La situazione della Spagna è solo apparentemente meno drammatica di quella della Grecia. Ma, sotto molti aspetti, è analoga. Ha la stessa disoccupazione (26% a livello nazionale, 55% di disoccupazione giovanile) e gli stessi livelli di recessione (il Pil si è contratto dell’1,3% nel 2012). La causa è solo leggermente diversa. Non è la spesa pubblica ad essere andata fuori controllo, ma il mercato immobiliare. Alimentato, però, da una politica (pubblica) di agevolazione dei mutui e dei crediti ai costruttori. Quando è scoppiata la bolla del mercato immobiliare, le banche sono entrate in crisi di conseguenza. Lo Stato si è indebitato, a sua volta, per cercare di salvare il suo sistema creditizio. Oggi la Spagna è un Paese in bilico. Il governo Rajoy (conservatore) è ricorso ai tagli alla spesa pubblica per cercare di riequilibrare i conti e ha provocato una nuova ondata di indignazione.
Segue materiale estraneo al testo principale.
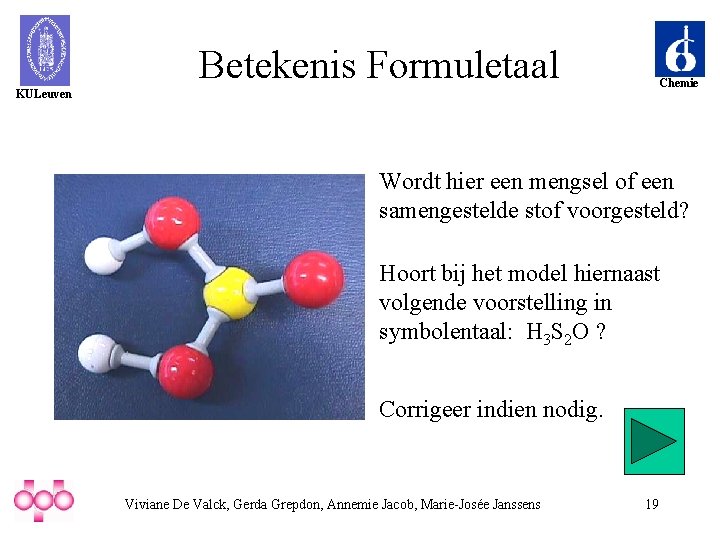 Betekenis Formuletaal Chemie KULeuven Wordt hier een mengsel of een samengestelde stof voorgesteld? Hoort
Quel 55% di giovani che non trovano un posto di lavoro sta diventando una “massa di manovra” per l’estremismo. E la frammentazione di un Paese multi-nazionale accelera: questa settimana il parlamento della Catalogna (la regione relativamente più benestante e meglio amministrata) ha votato una dichiarazione di autodeterminazione. I Paesi Baschi non vedono l’ora di andarsene. E Madrid ricorre a minacce dell’uso della forza non troppo velate. Anche qui: lo Stato spagnolo non vuol cambiare, cerca di salvarsi facendo pagare il conto ai suoi cittadini. E la conseguenza è l’estremizzazione della politica. Detto questo, la ripresa di cui parla Draghi è e resta possibile. Se l’eurozona non scoppia prima.